**The problem:** Could you transcribe exactly the lines below, from the line with "Sig.ra Franklin Adams, nee" through the line with "Scarlet Tanager Molting", and nothing else, leaving out the pictures?

**Task input:**
■ ■ ■

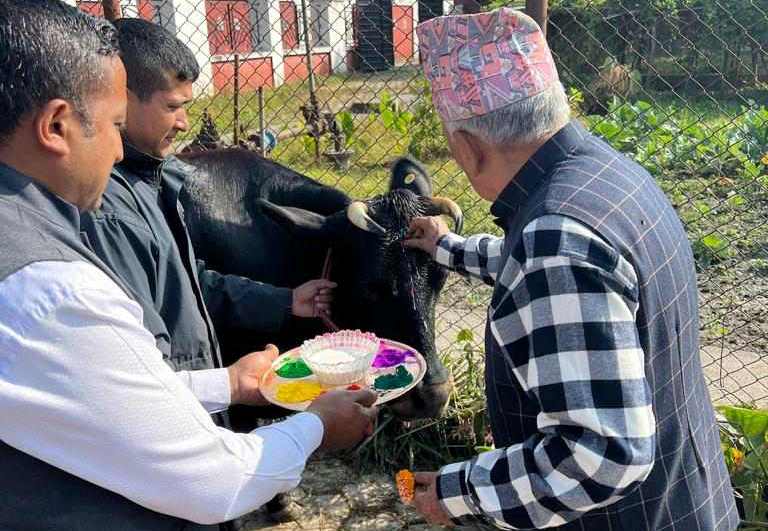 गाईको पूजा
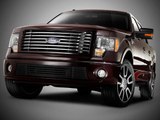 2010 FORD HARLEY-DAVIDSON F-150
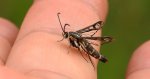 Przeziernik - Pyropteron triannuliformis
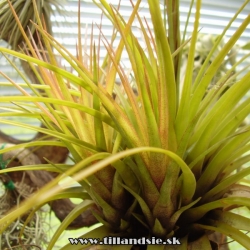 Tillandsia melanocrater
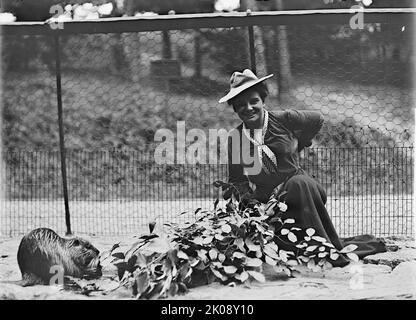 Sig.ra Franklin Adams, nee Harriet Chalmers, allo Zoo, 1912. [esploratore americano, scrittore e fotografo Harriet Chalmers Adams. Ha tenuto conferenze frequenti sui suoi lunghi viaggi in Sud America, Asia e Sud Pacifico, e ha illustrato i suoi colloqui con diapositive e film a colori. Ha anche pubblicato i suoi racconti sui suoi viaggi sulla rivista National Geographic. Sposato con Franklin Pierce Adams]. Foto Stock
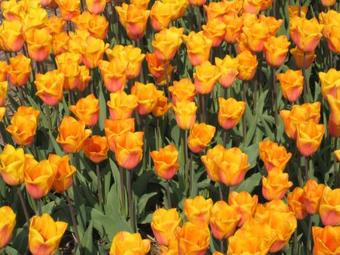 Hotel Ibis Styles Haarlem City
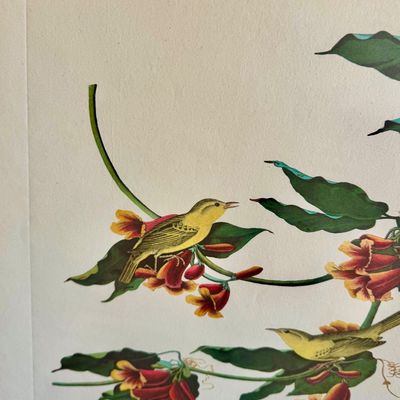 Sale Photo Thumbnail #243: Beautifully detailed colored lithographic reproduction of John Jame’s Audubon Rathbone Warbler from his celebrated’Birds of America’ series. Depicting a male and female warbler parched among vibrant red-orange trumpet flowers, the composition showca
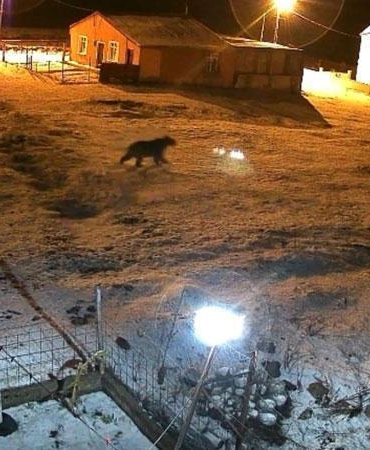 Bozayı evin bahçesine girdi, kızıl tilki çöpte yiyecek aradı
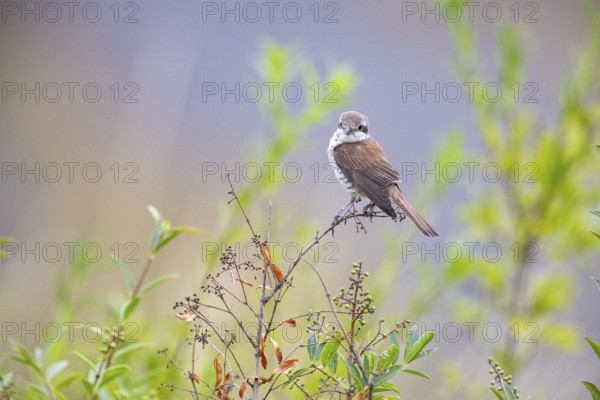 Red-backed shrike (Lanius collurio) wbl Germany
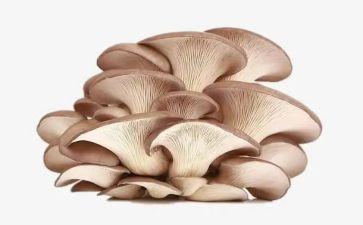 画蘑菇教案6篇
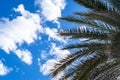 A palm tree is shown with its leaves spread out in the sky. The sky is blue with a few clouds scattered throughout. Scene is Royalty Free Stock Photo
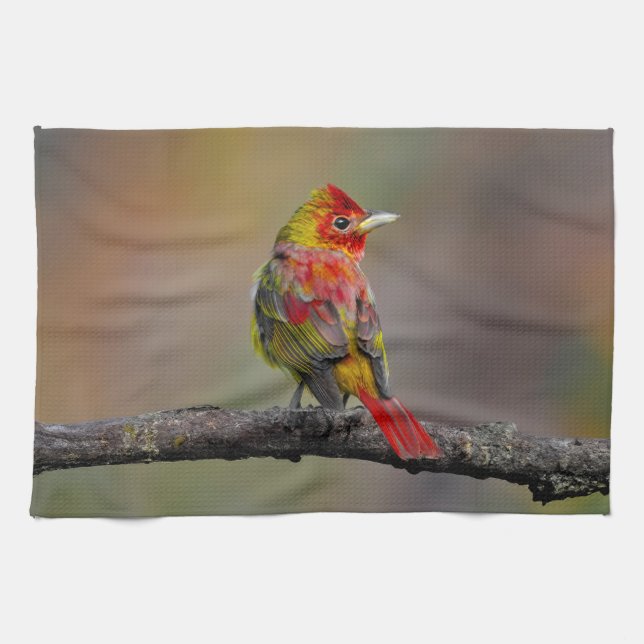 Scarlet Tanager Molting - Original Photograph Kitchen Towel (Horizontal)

■ ■ ■

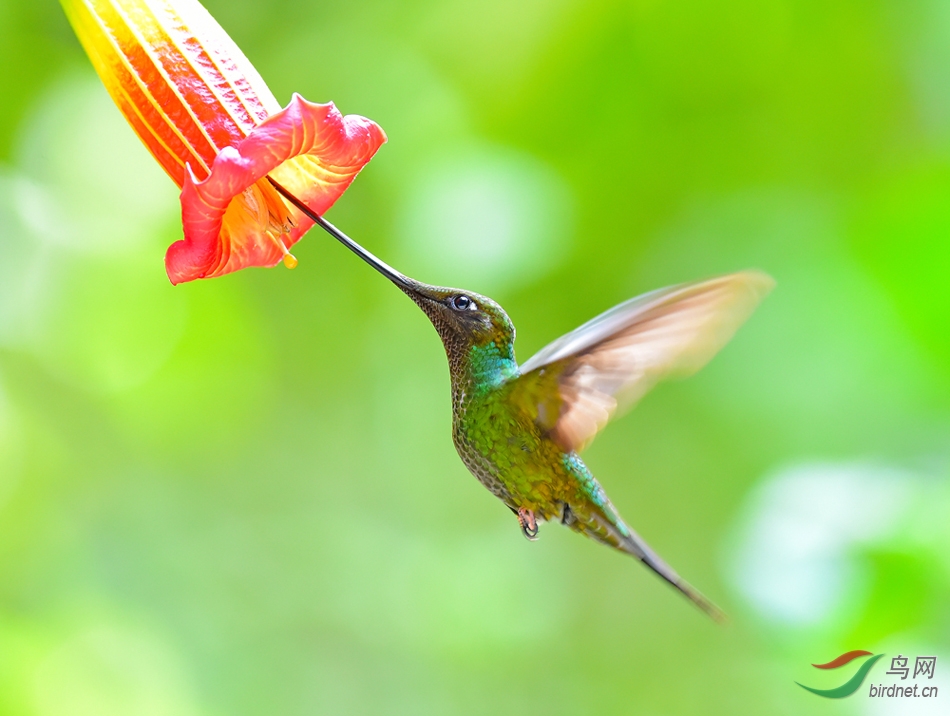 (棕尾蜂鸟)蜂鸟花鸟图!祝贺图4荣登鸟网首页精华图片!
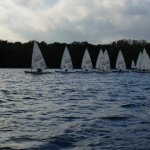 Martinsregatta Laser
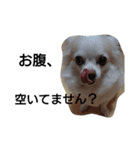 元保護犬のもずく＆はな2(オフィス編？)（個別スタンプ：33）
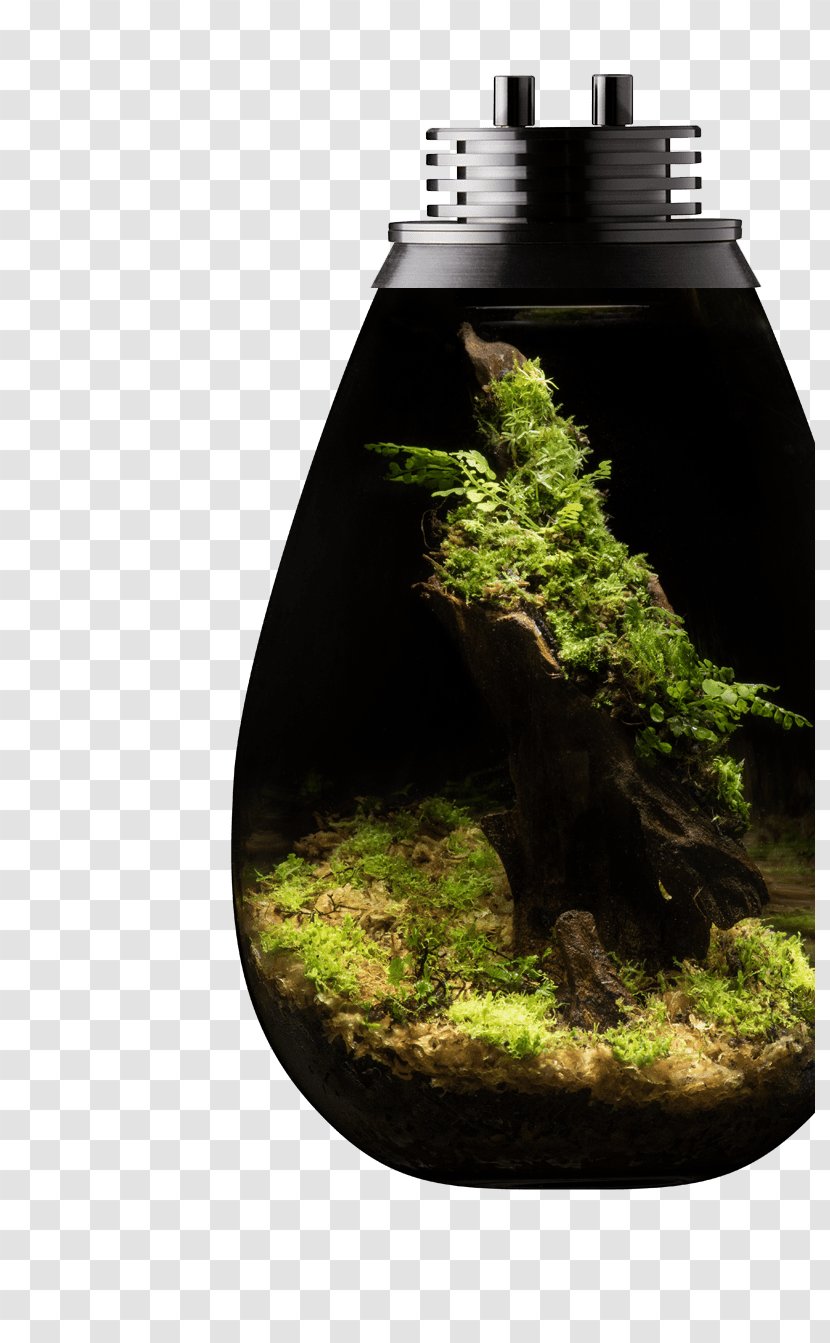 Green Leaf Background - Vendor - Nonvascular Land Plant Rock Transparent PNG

■ ■ ■

**Task result:**
 Sig.ra Franklin Adams, nee Harriet Chalmers, allo Zoo, 1912. [esploratore americano, scrittore e fotografo Harriet Chalmers Adams. Ha tenuto conferenze frequenti sui suoi lunghi viaggi in Sud America, Asia e Sud Pacifico, e ha illustrato i suoi colloqui con diapositive e film a colori. Ha anche pubblicato i suoi racconti sui suoi viaggi sulla rivista National Geographic. Sposato con Franklin Pierce Adams]. Foto Stock
 Hotel Ibis Styles Haarlem City
 Sale Photo Thumbnail #243: Beautifully detailed colored lithographic reproduction of John Jame’s Audubon Rathbone Warbler from his celebrated’Birds of America’ series. Depicting a male and female warbler parched among vibrant red-orange trumpet flowers, the composition showca
 Bozayı evin bahçesine girdi, kızıl tilki çöpte yiyecek aradı
 Red-backed shrike (Lanius collurio) wbl Germany
 画蘑菇教案6篇
 A palm tree is shown with its leaves spread out in the sky. The sky is blue with a few clouds scattered throughout. Scene is Royalty Free Stock Photo
 Scarlet Tanager Molting - Original Photograph Kitchen Towel (Horizontal)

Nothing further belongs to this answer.